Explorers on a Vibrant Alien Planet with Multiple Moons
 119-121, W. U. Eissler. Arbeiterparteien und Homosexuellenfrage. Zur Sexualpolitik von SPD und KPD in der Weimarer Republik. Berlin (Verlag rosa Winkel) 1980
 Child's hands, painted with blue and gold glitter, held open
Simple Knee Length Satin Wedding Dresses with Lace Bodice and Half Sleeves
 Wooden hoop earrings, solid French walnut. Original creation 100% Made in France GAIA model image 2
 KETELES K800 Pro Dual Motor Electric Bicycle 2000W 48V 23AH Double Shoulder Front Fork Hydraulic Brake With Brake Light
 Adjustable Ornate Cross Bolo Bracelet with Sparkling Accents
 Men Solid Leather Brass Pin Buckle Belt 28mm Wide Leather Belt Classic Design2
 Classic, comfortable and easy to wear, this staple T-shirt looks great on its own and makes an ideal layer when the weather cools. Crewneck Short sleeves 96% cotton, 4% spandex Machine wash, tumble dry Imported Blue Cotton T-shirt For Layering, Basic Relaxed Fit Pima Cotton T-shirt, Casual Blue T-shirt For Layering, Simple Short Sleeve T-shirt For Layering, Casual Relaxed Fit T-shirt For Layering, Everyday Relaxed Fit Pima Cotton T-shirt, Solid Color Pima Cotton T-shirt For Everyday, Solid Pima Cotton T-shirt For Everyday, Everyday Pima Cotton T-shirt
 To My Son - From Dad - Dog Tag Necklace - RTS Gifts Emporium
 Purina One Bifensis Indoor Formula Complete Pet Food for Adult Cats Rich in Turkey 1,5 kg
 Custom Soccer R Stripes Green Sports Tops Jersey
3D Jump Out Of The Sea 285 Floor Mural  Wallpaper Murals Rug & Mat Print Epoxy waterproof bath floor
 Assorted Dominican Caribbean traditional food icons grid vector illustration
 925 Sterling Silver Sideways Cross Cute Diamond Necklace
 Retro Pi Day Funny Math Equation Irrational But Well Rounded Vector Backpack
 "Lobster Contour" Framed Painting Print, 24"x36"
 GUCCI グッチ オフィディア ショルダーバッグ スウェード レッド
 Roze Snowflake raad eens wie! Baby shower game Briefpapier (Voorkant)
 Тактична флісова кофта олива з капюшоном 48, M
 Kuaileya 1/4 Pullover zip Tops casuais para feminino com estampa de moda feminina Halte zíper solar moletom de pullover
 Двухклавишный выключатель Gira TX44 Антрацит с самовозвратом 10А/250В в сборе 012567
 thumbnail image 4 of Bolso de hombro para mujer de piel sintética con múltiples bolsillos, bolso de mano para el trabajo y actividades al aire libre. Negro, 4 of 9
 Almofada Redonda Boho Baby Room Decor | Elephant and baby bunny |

# Task directions
What you return must match, line for line, the data from the line containing "Kuaileya 1/4 Pullover" to its end, both ends included.

# Completed task
 Kuaileya 1/4 Pullover zip Tops casuais para feminino com estampa de moda feminina Halte zíper solar moletom de pullover
 Двухклавишный выключатель Gira TX44 Антрацит с самовозвратом 10А/250В в сборе 012567
 thumbnail image 4 of Bolso de hombro para mujer de piel sintética con múltiples bolsillos, bolso de mano para el trabajo y actividades al aire libre. Negro, 4 of 9
 Almofada Redonda Boho Baby Room Decor | Elephant and baby bunny |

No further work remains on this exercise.